There are essentially three different models:

  • Internal outsource
  • Third-party vendor
  • Build-Operate-Transfer (BOT)

While each model provides different advantages, not all are necessarily available to every company.

An internal outsource model can provide tremendous advantages but can also be very costly. While still less expensive than building a support mechanism with full-time employees, internal outsourcing is more costly than the third-party vendor option. The key drivers to this model are economies of scale and internal support demand. Large organizations, Fortune 100, and global, multi-national corporations that support literally thousands of employees can afford (both from a financial and a timeline/time investment perspective) to entertain this approach.

Those organizations considering this internal outsourcing model have strategically chosen to build an internal support organization (sometimes called a Center of Excellence (COE) or competency center). A COE provides an organization with a robust, comprehensive, and internal support structure typically designed to support the end-user community from end to end.

The true benefit of the internally outsourced COE is that the organization creates an on-site, transparent support structure both procedurally and physically. This on-site support mechanism provides an added sense of confidence. Typically, the breadth of support is robust and the support services cover shared services across the entire organization. While this model is expensive, these organizations believe that — in the long run — they are more cost effective and will ultimately save them money. These internal outsourcing models also may leverage lower-cost resource alternatives outside their home country.

The third-party vendor model is on the other end of the outsourcing spectrum and is the model that folks typically envision when they allude to outsourcing. This model provides the greatest flexibility of the three options, and it offers potential advantages such as scalability, cost, and offloading of routine procedures and non-core business processes (to name a few). However, it can present three major drawbacks:

  • Lack of control: In essence, outsourcing a component of an organization relinquishes control. Instead of maintaining ownership of support responsibilities internally, the business now must hand over the keys to another party. Sometimes, support issues are thrown over the fence, and the company must wait for a resolution. Some businesses and corporate cultures might find this model difficult to deal with.
  • Risk of partnership: There is always the possibility that the chosen third-party vendor could go defunct, disappear, or hold your organization captive (i.e., drastically increase price without warning).
  • Vulnerability: When engaging a third-party vendor and, in turn, sharing the inner workings of your core business, you divulge what makes your business successful. Sharing your business model and competitive advantage could potentially make your organization vulnerable.

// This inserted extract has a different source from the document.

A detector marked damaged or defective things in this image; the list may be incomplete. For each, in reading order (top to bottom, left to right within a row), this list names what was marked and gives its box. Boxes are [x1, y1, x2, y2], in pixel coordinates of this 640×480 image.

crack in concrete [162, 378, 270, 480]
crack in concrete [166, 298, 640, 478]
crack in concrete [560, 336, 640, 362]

You can mitigate these risks if you select the right partner; as in all business relationships, however, nothing is ever foolproof.

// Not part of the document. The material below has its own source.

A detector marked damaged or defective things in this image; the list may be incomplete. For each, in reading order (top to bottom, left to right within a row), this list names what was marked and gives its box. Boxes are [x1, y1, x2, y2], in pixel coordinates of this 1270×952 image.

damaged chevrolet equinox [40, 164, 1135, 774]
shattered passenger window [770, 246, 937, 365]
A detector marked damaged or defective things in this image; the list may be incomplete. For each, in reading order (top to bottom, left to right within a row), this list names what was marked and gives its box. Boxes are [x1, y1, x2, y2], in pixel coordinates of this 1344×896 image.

The Build-Operate-Transfer (BOT) model falls smack in the middle of the internal outsource and third-party vendor models. Conceptually a “rent-to-own” arrangement, this model involves engaging a third-party partner who is willing to build an outsourced organization on the client’s behalf.

After signing a clearly defined contractual agreement, the third-party partner works in a vendor capacity until the outsourced organization either meets some benchmark (e.g., number of users and support volume) or reaches a given timeframe (e.g., contract conversion length and number of months). After the outsourced organization reaches the threshold, those third-party resources become the business’s employees overnight. While this is a gross oversimplification of the BOT model, it outlines its rental-type flavor and its potential value.

An obvious and major advantage of the BOT approach is its try-and-buy approach. By first testing the waters so to speak, the organization limits its initial investment, gets to know the caliber of the chosen partner, and performs a lengthy interview process. However, some organizations fear this approach will be more costly than the third-party option, will be a potential wasted investment, or will involve third-party engagement commitments (typically extensive contractual relationships, stipulations, etc.).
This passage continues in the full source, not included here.